EXERCISE DATA:
::::

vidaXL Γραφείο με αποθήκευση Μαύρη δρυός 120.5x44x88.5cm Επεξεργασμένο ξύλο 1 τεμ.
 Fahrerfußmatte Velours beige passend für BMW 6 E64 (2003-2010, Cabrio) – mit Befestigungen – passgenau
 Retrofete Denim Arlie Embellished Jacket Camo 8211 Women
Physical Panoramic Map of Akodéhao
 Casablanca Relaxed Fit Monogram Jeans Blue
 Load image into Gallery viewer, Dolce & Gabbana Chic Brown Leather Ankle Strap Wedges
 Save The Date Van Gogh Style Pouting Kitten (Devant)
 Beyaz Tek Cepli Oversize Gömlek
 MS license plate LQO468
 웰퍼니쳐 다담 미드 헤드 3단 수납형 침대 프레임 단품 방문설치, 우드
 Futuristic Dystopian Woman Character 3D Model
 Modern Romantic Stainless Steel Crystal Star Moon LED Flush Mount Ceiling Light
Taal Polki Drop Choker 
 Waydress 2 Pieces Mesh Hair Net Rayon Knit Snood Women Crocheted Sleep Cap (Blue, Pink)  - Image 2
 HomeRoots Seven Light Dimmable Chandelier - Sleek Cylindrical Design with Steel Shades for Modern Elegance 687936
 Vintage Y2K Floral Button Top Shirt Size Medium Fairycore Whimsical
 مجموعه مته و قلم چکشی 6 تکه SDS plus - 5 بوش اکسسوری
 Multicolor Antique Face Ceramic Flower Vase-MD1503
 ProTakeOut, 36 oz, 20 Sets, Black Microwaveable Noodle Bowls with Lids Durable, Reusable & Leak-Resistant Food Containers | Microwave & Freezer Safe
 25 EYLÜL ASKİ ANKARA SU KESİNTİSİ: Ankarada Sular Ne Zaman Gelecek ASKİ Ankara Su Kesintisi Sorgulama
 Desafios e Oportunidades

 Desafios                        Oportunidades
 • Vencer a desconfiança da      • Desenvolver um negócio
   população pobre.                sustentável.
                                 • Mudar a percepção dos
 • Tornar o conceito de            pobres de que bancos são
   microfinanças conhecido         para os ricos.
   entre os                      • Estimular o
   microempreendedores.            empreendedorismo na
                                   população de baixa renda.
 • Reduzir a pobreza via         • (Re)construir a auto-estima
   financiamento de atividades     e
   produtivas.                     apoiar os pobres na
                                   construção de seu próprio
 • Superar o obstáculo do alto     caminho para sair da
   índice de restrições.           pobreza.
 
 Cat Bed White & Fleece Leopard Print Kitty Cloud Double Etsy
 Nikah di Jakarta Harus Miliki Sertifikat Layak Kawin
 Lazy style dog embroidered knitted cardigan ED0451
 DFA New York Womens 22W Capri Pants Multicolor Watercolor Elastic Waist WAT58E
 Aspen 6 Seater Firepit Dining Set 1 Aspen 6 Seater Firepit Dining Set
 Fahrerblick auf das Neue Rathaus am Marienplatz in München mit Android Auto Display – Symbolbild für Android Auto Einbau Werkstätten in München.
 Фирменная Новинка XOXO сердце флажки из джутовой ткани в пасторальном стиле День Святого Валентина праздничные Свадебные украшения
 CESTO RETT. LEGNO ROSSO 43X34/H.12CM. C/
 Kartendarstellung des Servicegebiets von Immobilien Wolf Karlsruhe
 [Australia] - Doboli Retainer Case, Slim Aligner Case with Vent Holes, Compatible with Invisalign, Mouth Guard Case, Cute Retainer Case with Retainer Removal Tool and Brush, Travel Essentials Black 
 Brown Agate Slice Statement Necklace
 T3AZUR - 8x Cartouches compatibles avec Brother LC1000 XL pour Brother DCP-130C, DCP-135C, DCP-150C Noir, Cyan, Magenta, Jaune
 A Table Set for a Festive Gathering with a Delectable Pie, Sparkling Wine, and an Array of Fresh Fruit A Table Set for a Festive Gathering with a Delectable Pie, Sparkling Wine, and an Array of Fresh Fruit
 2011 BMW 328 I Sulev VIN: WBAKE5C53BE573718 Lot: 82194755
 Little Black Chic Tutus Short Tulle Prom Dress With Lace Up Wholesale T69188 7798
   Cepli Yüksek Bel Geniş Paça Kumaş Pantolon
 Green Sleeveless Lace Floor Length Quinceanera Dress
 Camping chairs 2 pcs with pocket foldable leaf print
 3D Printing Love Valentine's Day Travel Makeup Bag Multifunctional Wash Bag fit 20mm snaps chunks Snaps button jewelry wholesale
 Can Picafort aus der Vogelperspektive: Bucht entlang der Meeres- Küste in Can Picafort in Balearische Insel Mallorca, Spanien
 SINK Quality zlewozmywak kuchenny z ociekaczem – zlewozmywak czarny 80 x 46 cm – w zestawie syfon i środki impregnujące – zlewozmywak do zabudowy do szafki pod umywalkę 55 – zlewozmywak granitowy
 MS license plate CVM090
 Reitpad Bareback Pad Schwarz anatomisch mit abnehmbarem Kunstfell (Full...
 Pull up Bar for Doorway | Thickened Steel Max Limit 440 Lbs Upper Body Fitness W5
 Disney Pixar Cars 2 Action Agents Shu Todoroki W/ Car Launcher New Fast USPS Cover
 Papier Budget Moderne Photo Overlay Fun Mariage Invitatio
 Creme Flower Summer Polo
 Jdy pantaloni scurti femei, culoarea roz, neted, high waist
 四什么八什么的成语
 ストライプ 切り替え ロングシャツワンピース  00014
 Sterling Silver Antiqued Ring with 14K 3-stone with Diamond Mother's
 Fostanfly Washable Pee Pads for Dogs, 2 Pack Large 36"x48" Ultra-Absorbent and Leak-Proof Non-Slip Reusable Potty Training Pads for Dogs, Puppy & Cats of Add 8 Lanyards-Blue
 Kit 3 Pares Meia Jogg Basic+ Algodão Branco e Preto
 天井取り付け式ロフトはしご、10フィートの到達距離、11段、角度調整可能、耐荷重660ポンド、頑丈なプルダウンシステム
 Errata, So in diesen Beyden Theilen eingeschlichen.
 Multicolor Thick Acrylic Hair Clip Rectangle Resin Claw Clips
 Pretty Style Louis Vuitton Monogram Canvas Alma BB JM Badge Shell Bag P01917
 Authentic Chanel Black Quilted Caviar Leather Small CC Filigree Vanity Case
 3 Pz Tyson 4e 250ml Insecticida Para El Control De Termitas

::::

WHAT TO DO:
A complete, exact repeat of the records is the required answer.

FINISHED EXERCISE:
vidaXL Γραφείο με αποθήκευση Μαύρη δρυός 120.5x44x88.5cm Επεξεργασμένο ξύλο 1 τεμ.
 Fahrerfußmatte Velours beige passend für BMW 6 E64 (2003-2010, Cabrio) – mit Befestigungen – passgenau
 Retrofete Denim Arlie Embellished Jacket Camo 8211 Women
Physical Panoramic Map of Akodéhao
 Casablanca Relaxed Fit Monogram Jeans Blue
 Load image into Gallery viewer, Dolce & Gabbana Chic Brown Leather Ankle Strap Wedges
 Save The Date Van Gogh Style Pouting Kitten (Devant)
 Beyaz Tek Cepli Oversize Gömlek
 MS license plate LQO468
 웰퍼니쳐 다담 미드 헤드 3단 수납형 침대 프레임 단품 방문설치, 우드
 Futuristic Dystopian Woman Character 3D Model
 Modern Romantic Stainless Steel Crystal Star Moon LED Flush Mount Ceiling Light
Taal Polki Drop Choker 
 Waydress 2 Pieces Mesh Hair Net Rayon Knit Snood Women Crocheted Sleep Cap (Blue, Pink)  - Image 2
 HomeRoots Seven Light Dimmable Chandelier - Sleek Cylindrical Design with Steel Shades for Modern Elegance 687936
 Vintage Y2K Floral Button Top Shirt Size Medium Fairycore Whimsical
 مجموعه مته و قلم چکشی 6 تکه SDS plus - 5 بوش اکسسوری
 Multicolor Antique Face Ceramic Flower Vase-MD1503
 ProTakeOut, 36 oz, 20 Sets, Black Microwaveable Noodle Bowls with Lids Durable, Reusable & Leak-Resistant Food Containers | Microwave & Freezer Safe
 25 EYLÜL ASKİ ANKARA SU KESİNTİSİ: Ankarada Sular Ne Zaman Gelecek ASKİ Ankara Su Kesintisi Sorgulama
 Desafios e Oportunidades

 Desafios                        Oportunidades
 • Vencer a desconfiança da      • Desenvolver um negócio
   população pobre.                sustentável.
                                 • Mudar a percepção dos
 • Tornar o conceito de            pobres de que bancos são
   microfinanças conhecido         para os ricos.
   entre os                      • Estimular o
   microempreendedores.            empreendedorismo na
                                   população de baixa renda.
 • Reduzir a pobreza via         • (Re)construir a auto-estima
   financiamento de atividades     e
   produtivas.                     apoiar os pobres na
                                   construção de seu próprio
 • Superar o obstáculo do alto     caminho para sair da
   índice de restrições.           pobreza.
 
 Cat Bed White & Fleece Leopard Print Kitty Cloud Double Etsy
 Nikah di Jakarta Harus Miliki Sertifikat Layak Kawin
 Lazy style dog embroidered knitted cardigan ED0451
 DFA New York Womens 22W Capri Pants Multicolor Watercolor Elastic Waist WAT58E
 Aspen 6 Seater Firepit Dining Set 1 Aspen 6 Seater Firepit Dining Set
 Fahrerblick auf das Neue Rathaus am Marienplatz in München mit Android Auto Display – Symbolbild für Android Auto Einbau Werkstätten in München.
 Фирменная Новинка XOXO сердце флажки из джутовой ткани в пасторальном стиле День Святого Валентина праздничные Свадебные украшения
 CESTO RETT. LEGNO ROSSO 43X34/H.12CM. C/
 Kartendarstellung des Servicegebiets von Immobilien Wolf Karlsruhe
 [Australia] - Doboli Retainer Case, Slim Aligner Case with Vent Holes, Compatible with Invisalign, Mouth Guard Case, Cute Retainer Case with Retainer Removal Tool and Brush, Travel Essentials Black 
 Brown Agate Slice Statement Necklace
 T3AZUR - 8x Cartouches compatibles avec Brother LC1000 XL pour Brother DCP-130C, DCP-135C, DCP-150C Noir, Cyan, Magenta, Jaune
 A Table Set for a Festive Gathering with a Delectable Pie, Sparkling Wine, and an Array of Fresh Fruit A Table Set for a Festive Gathering with a Delectable Pie, Sparkling Wine, and an Array of Fresh Fruit
 2011 BMW 328 I Sulev VIN: WBAKE5C53BE573718 Lot: 82194755
 Little Black Chic Tutus Short Tulle Prom Dress With Lace Up Wholesale T69188 7798
   Cepli Yüksek Bel Geniş Paça Kumaş Pantolon
 Green Sleeveless Lace Floor Length Quinceanera Dress
 Camping chairs 2 pcs with pocket foldable leaf print
 3D Printing Love Valentine's Day Travel Makeup Bag Multifunctional Wash Bag fit 20mm snaps chunks Snaps button jewelry wholesale
 Can Picafort aus der Vogelperspektive: Bucht entlang der Meeres- Küste in Can Picafort in Balearische Insel Mallorca, Spanien
 SINK Quality zlewozmywak kuchenny z ociekaczem – zlewozmywak czarny 80 x 46 cm – w zestawie syfon i środki impregnujące – zlewozmywak do zabudowy do szafki pod umywalkę 55 – zlewozmywak granitowy
 MS license plate CVM090
 Reitpad Bareback Pad Schwarz anatomisch mit abnehmbarem Kunstfell (Full...
 Pull up Bar for Doorway | Thickened Steel Max Limit 440 Lbs Upper Body Fitness W5
 Disney Pixar Cars 2 Action Agents Shu Todoroki W/ Car Launcher New Fast USPS Cover
 Papier Budget Moderne Photo Overlay Fun Mariage Invitatio
 Creme Flower Summer Polo
 Jdy pantaloni scurti femei, culoarea roz, neted, high waist
 四什么八什么的成语
 ストライプ 切り替え ロングシャツワンピース  00014
 Sterling Silver Antiqued Ring with 14K 3-stone with Diamond Mother's
 Fostanfly Washable Pee Pads for Dogs, 2 Pack Large 36"x48" Ultra-Absorbent and Leak-Proof Non-Slip Reusable Potty Training Pads for Dogs, Puppy & Cats of Add 8 Lanyards-Blue
 Kit 3 Pares Meia Jogg Basic+ Algodão Branco e Preto
 天井取り付け式ロフトはしご、10フィートの到達距離、11段、角度調整可能、耐荷重660ポンド、頑丈なプルダウンシステム
 Errata, So in diesen Beyden Theilen eingeschlichen.
 Multicolor Thick Acrylic Hair Clip Rectangle Resin Claw Clips
 Pretty Style Louis Vuitton Monogram Canvas Alma BB JM Badge Shell Bag P01917
 Authentic Chanel Black Quilted Caviar Leather Small CC Filigree Vanity Case
 3 Pz Tyson 4e 250ml Insecticida Para El Control De Termitas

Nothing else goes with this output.